## What to produce
There is material below. Print exactly the lines starting at the line with "Denizkizi Otel Karavas (Northern Cyprus)" and ending at the line with "Efectul colapsului politic.", ends included, and no others.

┌──

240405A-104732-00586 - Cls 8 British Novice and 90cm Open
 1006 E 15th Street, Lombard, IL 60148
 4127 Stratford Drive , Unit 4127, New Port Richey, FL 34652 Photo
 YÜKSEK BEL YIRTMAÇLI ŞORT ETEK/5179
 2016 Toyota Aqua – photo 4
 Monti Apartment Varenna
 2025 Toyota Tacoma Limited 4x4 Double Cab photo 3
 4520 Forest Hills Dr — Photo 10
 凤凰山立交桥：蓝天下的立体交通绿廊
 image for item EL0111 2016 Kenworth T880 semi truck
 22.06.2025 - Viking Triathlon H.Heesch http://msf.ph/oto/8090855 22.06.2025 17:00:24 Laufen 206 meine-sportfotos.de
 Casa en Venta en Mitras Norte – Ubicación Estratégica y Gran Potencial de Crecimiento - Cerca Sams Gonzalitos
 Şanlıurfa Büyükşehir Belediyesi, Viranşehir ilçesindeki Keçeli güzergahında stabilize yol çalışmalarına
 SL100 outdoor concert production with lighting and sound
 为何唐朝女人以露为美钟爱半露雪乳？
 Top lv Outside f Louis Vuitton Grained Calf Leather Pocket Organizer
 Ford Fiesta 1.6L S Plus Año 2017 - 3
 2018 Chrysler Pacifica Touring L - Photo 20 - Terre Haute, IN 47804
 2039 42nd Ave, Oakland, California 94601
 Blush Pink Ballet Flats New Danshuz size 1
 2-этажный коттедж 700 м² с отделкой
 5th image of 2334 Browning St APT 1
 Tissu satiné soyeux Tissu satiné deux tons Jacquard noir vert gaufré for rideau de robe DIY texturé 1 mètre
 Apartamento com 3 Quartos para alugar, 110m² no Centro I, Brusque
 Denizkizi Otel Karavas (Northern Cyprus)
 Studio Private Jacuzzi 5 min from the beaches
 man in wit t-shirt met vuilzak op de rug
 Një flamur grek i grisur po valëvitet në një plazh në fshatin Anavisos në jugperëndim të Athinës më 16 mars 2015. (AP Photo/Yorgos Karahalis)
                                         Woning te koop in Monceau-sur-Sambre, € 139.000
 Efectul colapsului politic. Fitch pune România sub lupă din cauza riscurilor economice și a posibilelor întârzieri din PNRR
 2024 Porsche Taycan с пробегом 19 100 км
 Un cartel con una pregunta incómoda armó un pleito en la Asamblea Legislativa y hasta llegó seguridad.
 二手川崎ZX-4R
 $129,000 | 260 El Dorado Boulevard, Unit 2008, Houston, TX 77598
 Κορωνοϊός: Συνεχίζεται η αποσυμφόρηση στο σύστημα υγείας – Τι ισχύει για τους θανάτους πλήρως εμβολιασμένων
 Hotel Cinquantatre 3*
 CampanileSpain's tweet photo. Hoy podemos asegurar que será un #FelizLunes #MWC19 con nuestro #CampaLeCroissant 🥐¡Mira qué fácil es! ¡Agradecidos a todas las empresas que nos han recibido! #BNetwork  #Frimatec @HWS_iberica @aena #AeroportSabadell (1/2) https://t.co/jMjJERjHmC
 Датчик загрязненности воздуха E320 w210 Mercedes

└──

## Solution for this problem
 Denizkizi Otel Karavas (Northern Cyprus)
 Studio Private Jacuzzi 5 min from the beaches
 man in wit t-shirt met vuilzak op de rug
 Një flamur grek i grisur po valëvitet në një plazh në fshatin Anavisos në jugperëndim të Athinës më 16 mars 2015. (AP Photo/Yorgos Karahalis)
                                         Woning te koop in Monceau-sur-Sambre, € 139.000
 Efectul colapsului politic. Fitch pune România sub lupă din cauza riscurilor economice și a posibilelor întârzieri din PNRR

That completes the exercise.